Pertama, Islam mendorong
pertumbuhan ekonomi yang memberi manfaat luas bagi masyarakat (pro-poor
growth).
Islam mencapai pro-poor growth melalui dua jalur utama:
pelarangan riba dan mendorong kegiatan sektor riil. Pelarangan riba secara
efektif akan mengendalikan inflasi sehingga daya beli masyarakat terjaga dan
stabilitas perekonomian tercipta. Bersamaan dengan itu, Islam mengarahkan modal
pada kegiatan ekonomi produktif melalui kerja sama ekonomi dan bisnis seperti mudharabah,
muzara'ah, dan musaqat. Dengan demikian, tercipta keselarasan antara
sektor riil dan moneter sehingga pertumbuhan ekonomi dapat berlangsung secara
berkesinambungan.
Kedua,
Islam mendorong penciptaan anggaran negara yang memihak pada kepentingan rakyat
banyak (pro-poor budgeting). Dalam sejarah Islam, terdapat tiga prinsip utama
dalam mencapai pro-poor budgeting yaitu: disiplin fiskal yang ketat, tata
kelola pemerintahan yang baik, dan penggunaan anggaran negara sepenuhnya untuk
kepentingan publik. .
Tidak pernah terjadi defisit anggaran dalam pemerintahan
Islam walau tekanan pengeluaran sangat tinggi, kecuali skala pada masa
pemerintahan Nabi Muhammad SAW karena perang. Bahkan pada masa Khalifah Umar
dan Usman terjadi surplus anggaran yang besar. Yang kemudian lebih banyak
didorong adalah efisiensi dan penghematan anggaran melalui good governance.
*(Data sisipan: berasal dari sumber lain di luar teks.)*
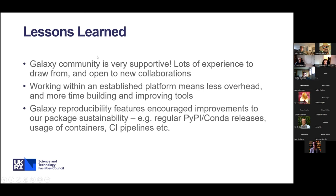Some of the lessons learned: firstly, the Galaxy community is really supportive — you've got so much experience to draw from and you're really open to new collaborations. Working within the Galaxy platform has meant less overhead for us in terms of UI, more time building and improving our tools. The reproducibility features of Galaxy actually encouraged us to make improvements to the rest of our packages in terms of sustainability — wanting to use these packages in Galaxy tools meant we had to set up PyPI and conda releases, submit things to the bio-containers repository, and set up continuous integration pipelines. So it's been a net positive for our sustainability in general.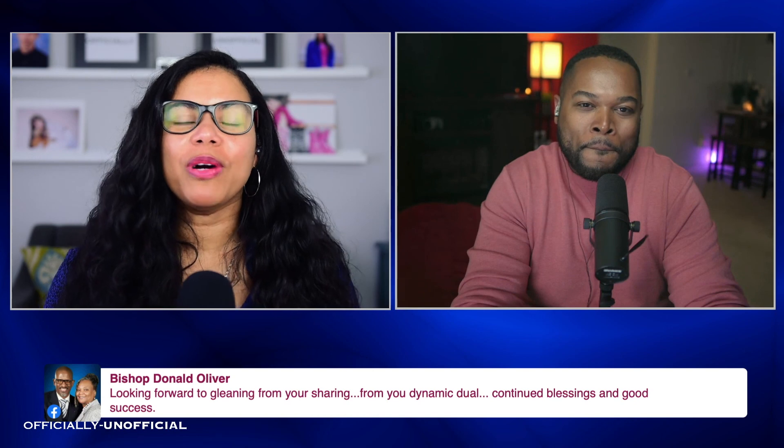Thank you so much for watching. This is Anahe and I'm Fulgence Henry. Thank you so much, you guys. Have a great day and see you next Thursday. Bye!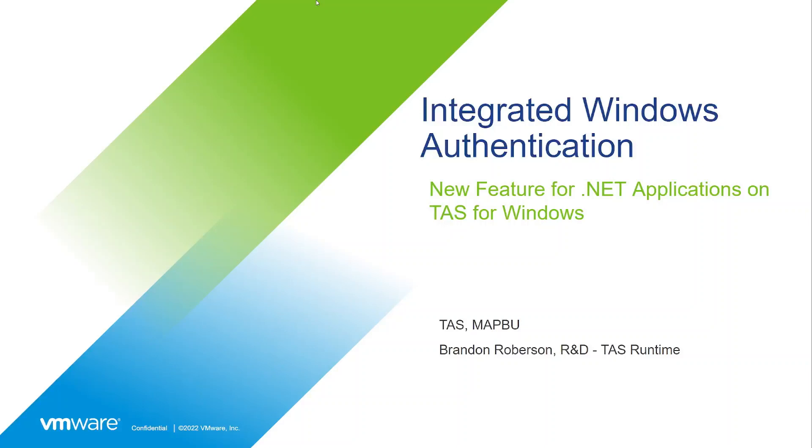Hello, my name is Brandon Robertson. I'm an engineer on the TAS Runtime team and today I'm going to be demonstrating how to enable and use Integrated Windows Authentication or IWA in TAS 4.0.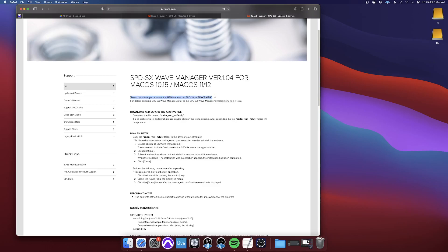the computer won't recognize it unless you have the USB mode set back to Wave Manager in the SPD-SX. So for the driver, you have to change the USB mode to Audio MIDI,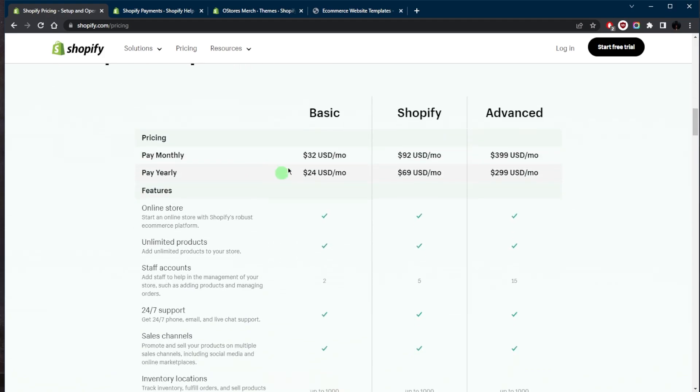So as you can tell right here, you've got the basic, Shopify, and advanced. You can go with either the monthly or yearly plan, but of course, the yearly plan will save you much more money in the long run, but you can go with either or depending on your needs.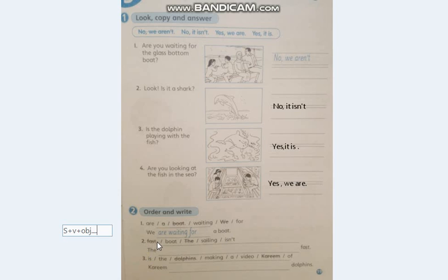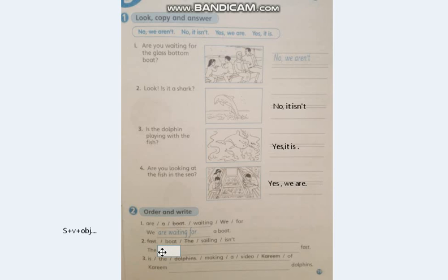لكي تحط number 2، في آخر الجملة رح تحط the subject — اللي هو الفاعل. إذن الجملة رح تكون: the boat. الـ boat هو مفرد، so isn't. إذن: the boat isn't sailing fast.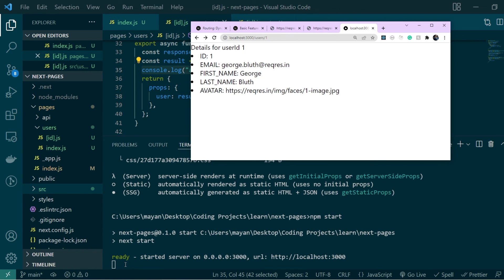So that's all I had to discuss for this video. I really hope this helped you understand how to create pages with dynamic routes in Next.js and how you can statically generate such pages instead of falling back to server-side rendering. Hit the like button and let me know in the comments if you have any doubts. Subscribe to this channel for more such content. Thanks for watching, and I'll see you guys in the next one.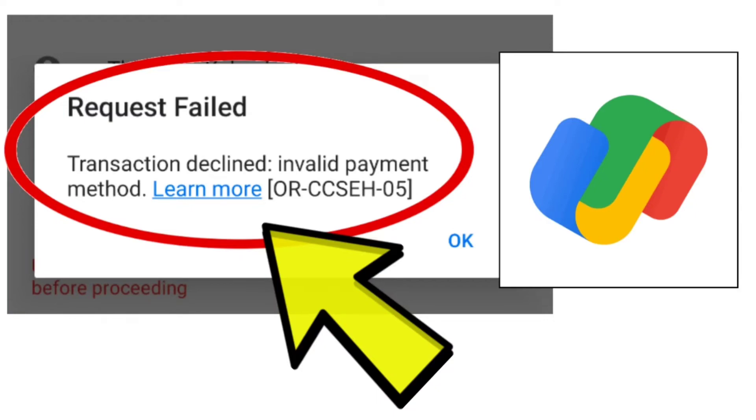To fix the Google Pay App Request Failed Transaction Declined Invalid Payment Method, or CCSEH 05, problem, follow these steps.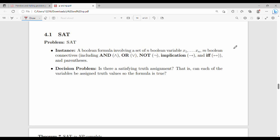Welcome back. In this video we will show proof of the SAT problem. SAT stands for satisfiability. We will show boolean expressions with boolean variables and boolean connectives — OR, NOT, implication, if and only if, and parentheses. The problem statement gives an example: x OR y AND z.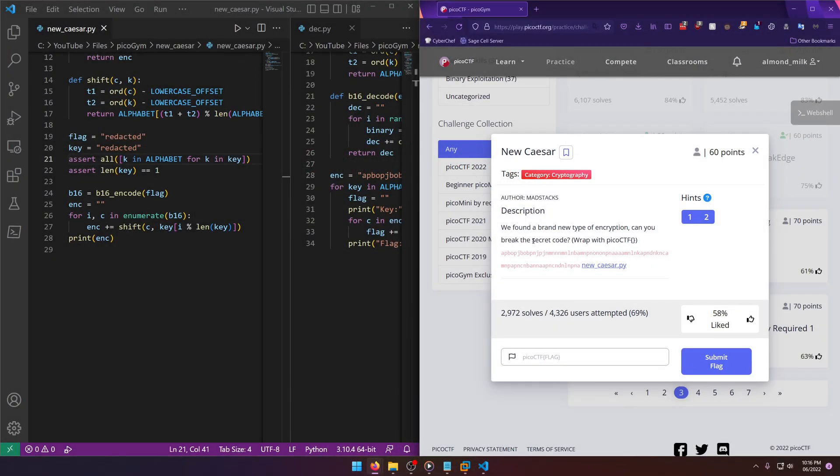Hello world, welcome back to another PicoGym workout challenge write-up video. In this video we'll be walking through the cryptography challenge New Caesar. Let's get into it. We found a brand new type of encryption. Can you break the secret code?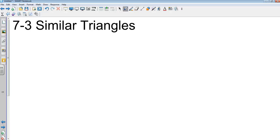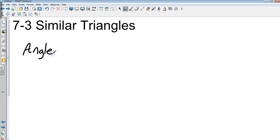Alright, Geometry 7-3: Similar Triangles. We just got done with 7-2 Similar Polygons, and this section is a little similar to the other one. Enough of the horrible geometry jokes — let's keep going. First, triangle similarity is going to be called Angle-Angle.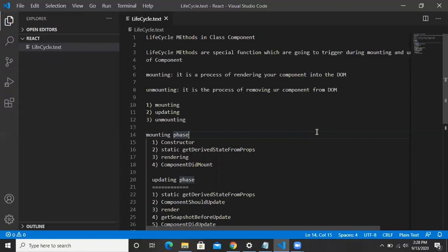These special functions are called lifecycle methods of your class components. Mounting is the process of rendering your component into the DOM. Whenever a component is going to render, some special functions are going to execute.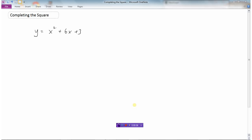In this video we'll take a look at how we can complete the square, which is really just a name for a method that allows us to take an equation of a quadratic and convert it to our vertex form. So this is a quadratic equation here because it's a y equals x squared graph, but looking at this equation here, this form of the equation is not that useful in terms of finding out the information of the parabola.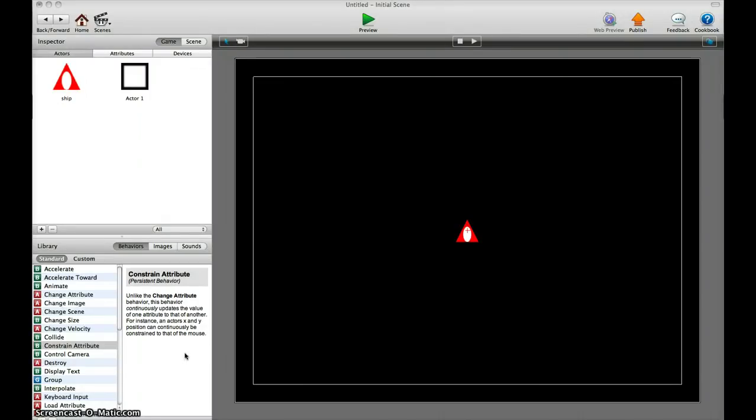Hey there, this is another tutorial and today we want to make the actor face the mouse.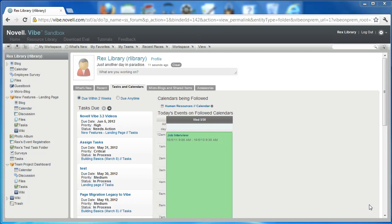Hi there, and welcome back to another edition of the Novel Vibe video series. In this video, we'll be highlighting improvements found in the 3.3 release of Novel Vibe, also known as Granite. The specific feature that I'll be highlighting in this video is the My Calendar Events feature that's found in landing pages.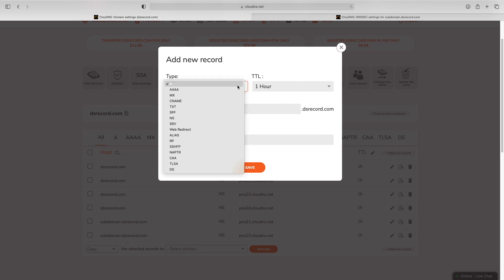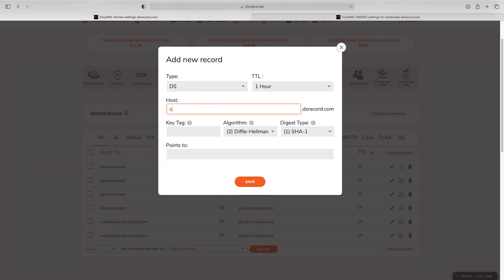For record type choose DS. In field host, enter the host for your DS record.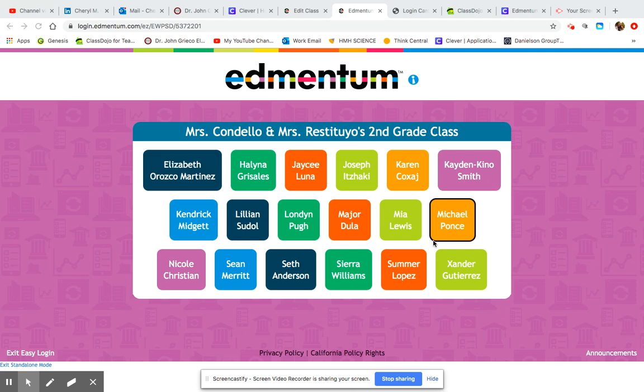Hello, it's Mrs. Condello, and today I am going to walk you through how to utilize the Edmentum Exact Path for your child. Edmentum Exact Path is a grades K-12 assessment and it focuses on mathematics, reading, and language arts. It helps them with instruction in those areas.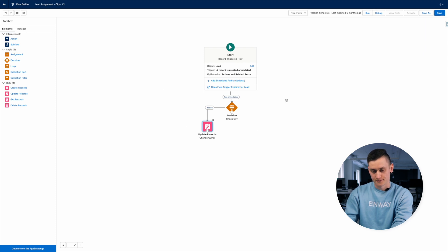Here is our ready flow. The advantages of out-of-the-box features: firstly this is a free solution, and secondly it can be configured by administrators. However these solutions also have some disadvantages. It's quite difficult to control if you have a lot of rule entries in assignment rules or complicated logic in flows. Secondly, this functionality may not be enough for the needs of your business.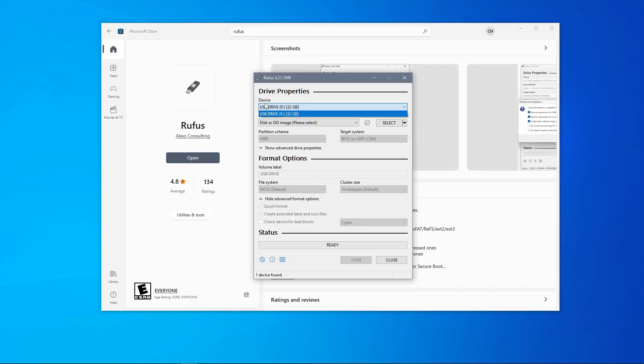Now Rufus will completely erase the USB drive and make all the data unrecoverable, so before we click any buttons in Rufus make sure that you clean the drive of all files and it is completely empty before we begin.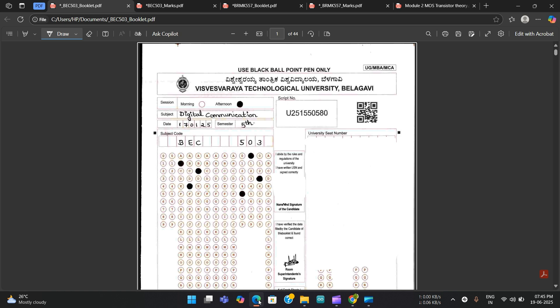Hello and welcome everyone to this video. What I am going to discuss is a very rare topic — most VTU students always have complaints regarding their paper corrections, about how the papers are corrected and how marks should be given for each subject.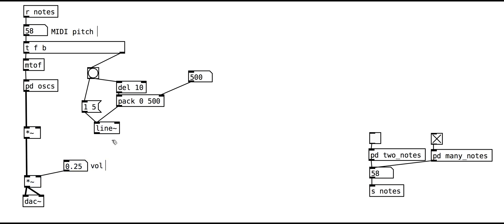For a more natural decay, we can make it exponential with extra multiply objects.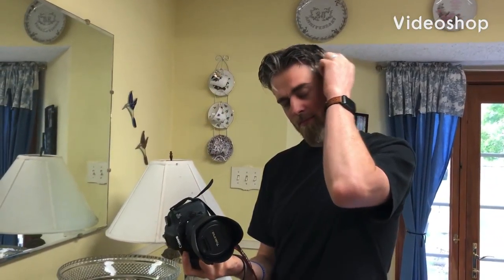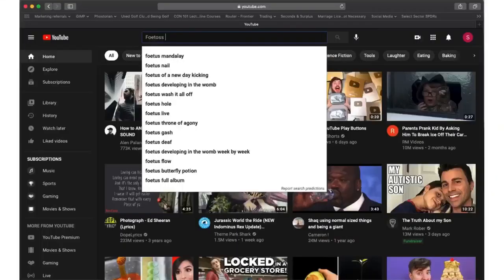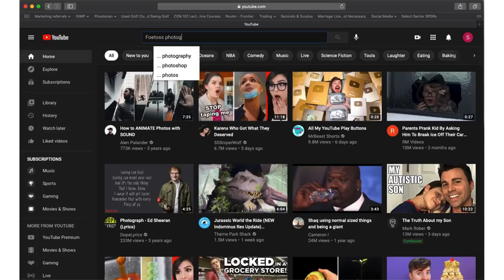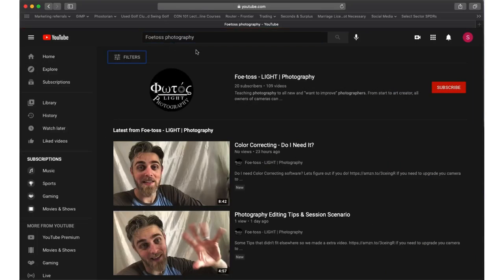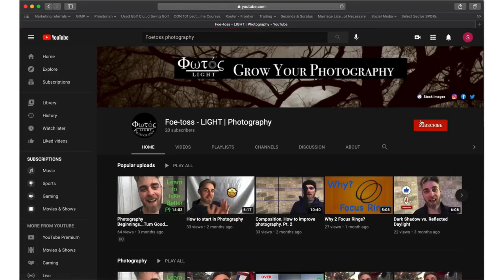If you find yourself with a camera in your hand and want to learn how to use it, please subscribe to this channel, like the videos, and comment below.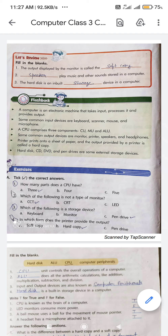Now let's review and do the first exercise — fill in the blank. The output displayed by the monitor is called the soft copy. The spelling is S-O-F-T C-O-P-Y.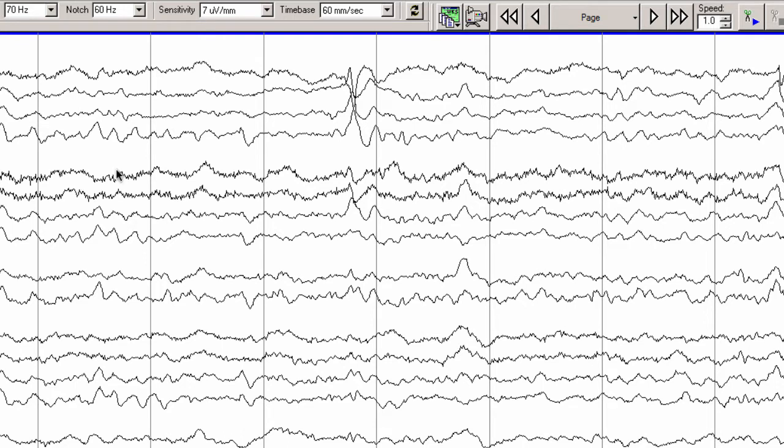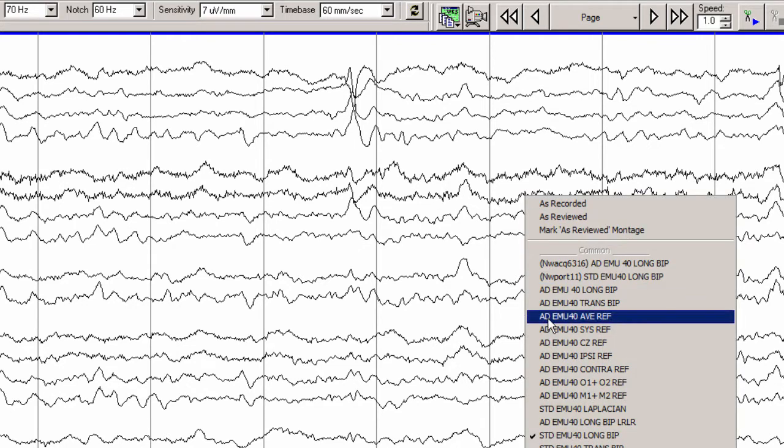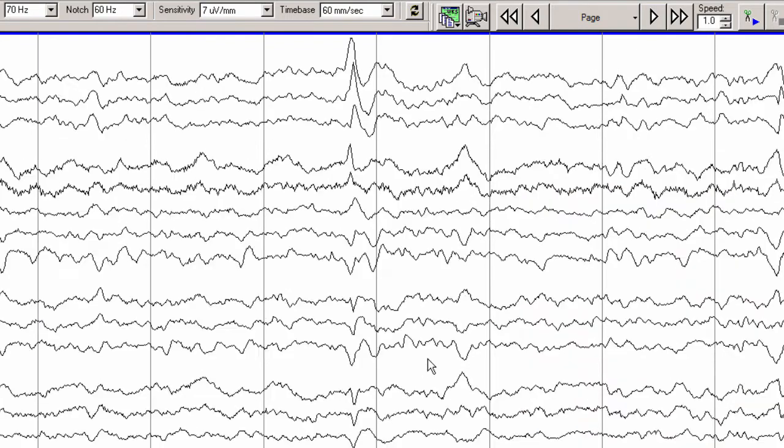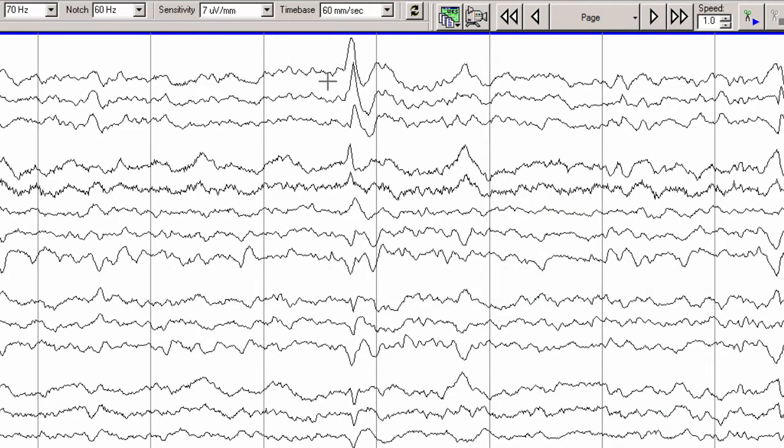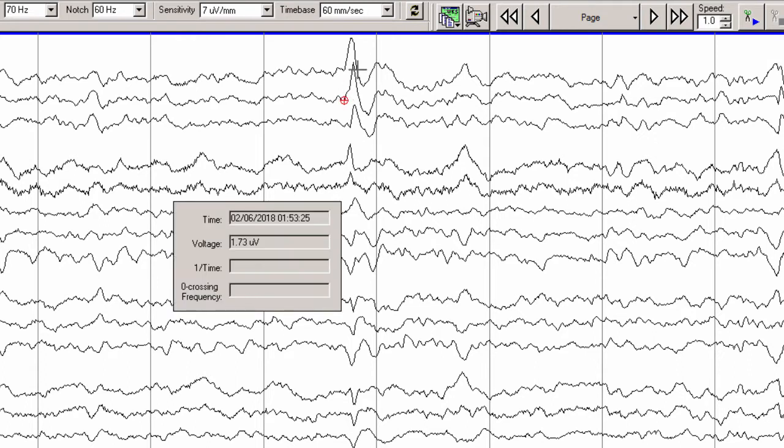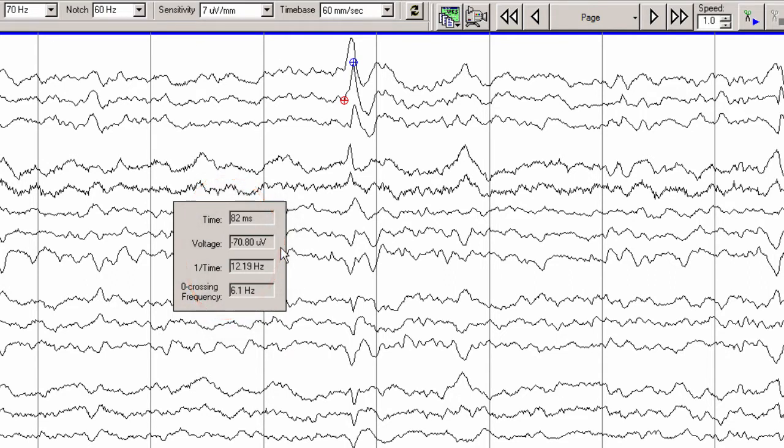You can see that this is much longer duration than our typical small sharp spike and much higher amplitude. This is probably best appreciated if we switch to a referential montage. In this case, the average reference montage. If we do a simple measurement on a referential montage, you can see that the amplitude of this is at least 70 microvolts and that's not counting the aftercoming slow wave.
Di dalam Islam, anggaran negara adalah harta publik sehingga anggaran menjadi
sangat responsif terhadap kepentingan orang miskin..
Ketiga, Islam mendorong
pembangunan infrastruktur yang memberi manfaat luas bagi masyarakat (pro-poor
infrastructure). Islam mendorong pembangunan infrastruktur yang memiliki
dampak eksternalitas positif dalam rangka meningkatkan kapasitas dan efisiensi
perekonomian. Nabi Muhammad SAW membagikan tanah di Madinah kepada masyarakat
untuk membangun perumahan, mendirikan pemandian umum di sudut kota, membangun
pasar, memperluas jaringan jalan, dan memperhatikan jasa pos. Khalifah Umar bin
Khattab membangun kota Kufah dan Basrah dengan memberi perhatian khusus pada
jalan raya dan pembangunan masjid di pusat kota. Beliau juga memerintahkan
Gubernur Mesir, Amr bin Ash, untuk mempergunakan sepertiga penerimaan Mesir
untuk pembangunan jembatan, kanal, dan jaringan air bersih..
Keempat, Islam mendorong
penyediaan pelayanan publik dasar yang berpihak pada masyarakat luas (pro-poor
public services). Terdapat tiga bidang pelayanan publik yang mendapat
perhatian Islam secara serius: birokrasi, pendidikan, dan kesehatan.
Di dalam Islam,
birokrasi adalah amanah untuk melayani publik, bukan untuk kepentingan diri
sendiri atau golongan. Khalifah Usman tidak mengambil gaji dari kantor-nya.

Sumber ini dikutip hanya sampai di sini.